For years now — and there is abundant evidence for this — one witnesses a growing rise of contempt in Israel. Contempt for the Palestinian, humiliated day after day at the check-points, deprived of work, deprived of water, electricity, food, manhandled for a yes or a no, imprisoned without judgment… And these are but the gentler forms of an oppression that does not hesitate to have recourse to shellings, to bombings, to the shootings in Gaza or to the famous “Wall” that is in the process of transforming the West Bank into a concentration camp.
The seriousness of the situation thus created is accompanied by dozens of deaths with a high percentage of women and children among them. All of this has been exposed in vain in many articles, documentaries and books, although nothing exposes the moral degradation that the regular exercise of oppression causes among the Israelis. If the gunner and pilot maybe do not see what they do, the oppressor sees it very well when he lets some wretch wait for hours for passage, when he breaks down doors, wrecks furniture, when he levels a house with his tank or bulldozer, when he shoots at children. To tolerate this face-to-face, one must have practiced contempt for a long time, one must even have cultivated it. How much one has to dehumanize the Other to treat him like an inferior being, is known.
The Israeli government organizes this dehumanization and the racist contempt that results from it. It is astonished by the resistance it encounters at the same time than it tries to do away with it. Thus this redoubling of violence, which proves a latent desire for genocide, and the rage at not daring to commit it. A rage that blinds Mr. Olmert and his clique as it makes them act exactly contrary to the interests of their people who are just as blinded by their propaganda. Thus on the fifteenth day of the destruction of Lebanon with American bombs and with the aim of provoking the rejection of the Hezbollah, the so-called cause of all this misery, a poll reveals today that 87% of the Lebanese see in the Hezbollah a resistance movement that gives them honor.
Political stupidity is criminal: one saw this in Iraq, in Afghanistan; one sees it, alas, in Palestine and in Lebanon. What is most terrible, is that this stupidity meets with no resistance in a West, which dishonors itself by finding respectable motifs for it. The Arab countries do not do any better, but at least they have the excuse, thanks again to the USA, of having governments that are estranged from their peoples’ aspirations. To treat resistance movements as terrorists is not new, but those who make use of this apparently hard-wearing rhetoric should know that it is dangerous to turn resistance into despair.

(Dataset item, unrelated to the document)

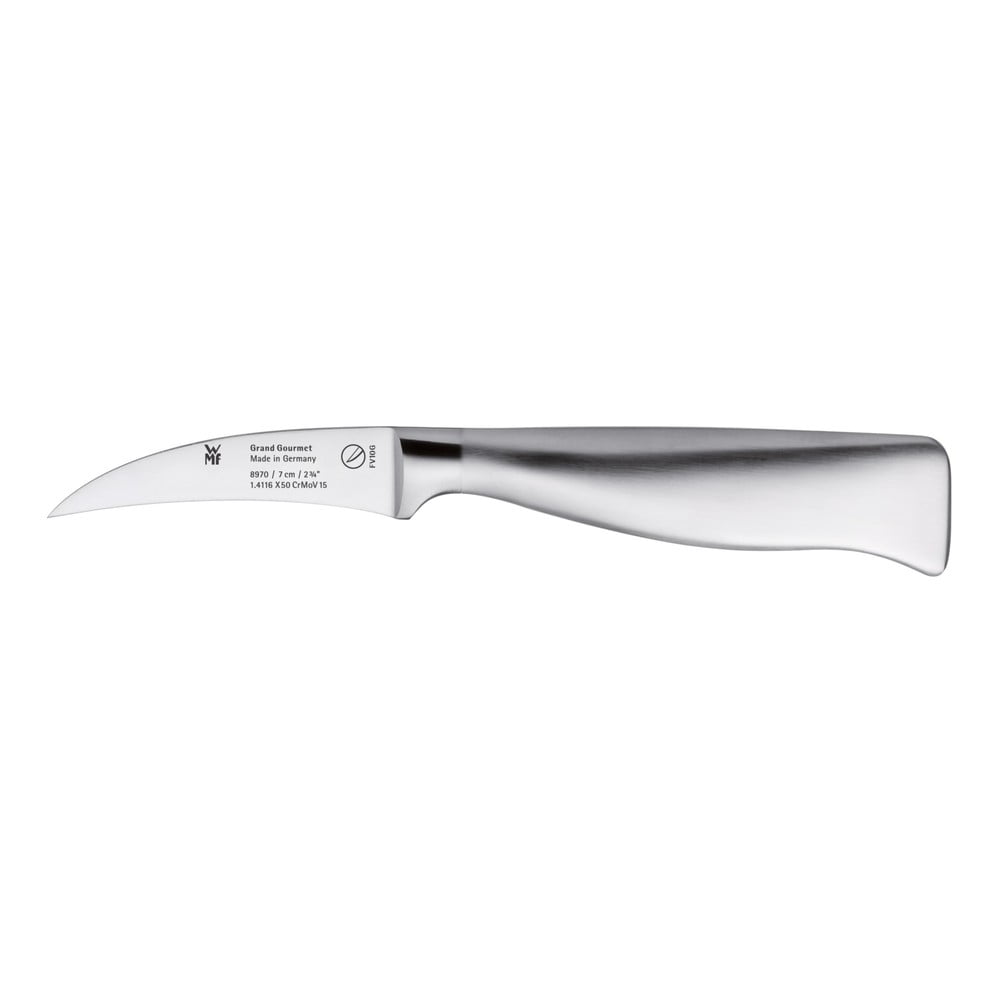 Loupací nůž na zeleninu ze speciálně kované nerezové oceli WMF Grand Gourmet, délka 7 cm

Honor has never been the strong point of diplomats or merchants, but for a long time it was the rule of the game for the military. What honor can there be in shelling a milk factory, the landing strips of a civil airport or the buildings of the Palestinian Authority? It is a shame that Tsahal and its generals never had to meditate on this classic, now proverbial, line: “By vanquishing without danger, one triumphs without glory.” The honor of Israel rests now only with a few “refuzniks” who refuse to massacre the innocent, but for Tsahal it is too late: this elite army is trained only to crush those weaker than itself and it has henceforth to be considered as the most cowardly in the world.Bernard Noël.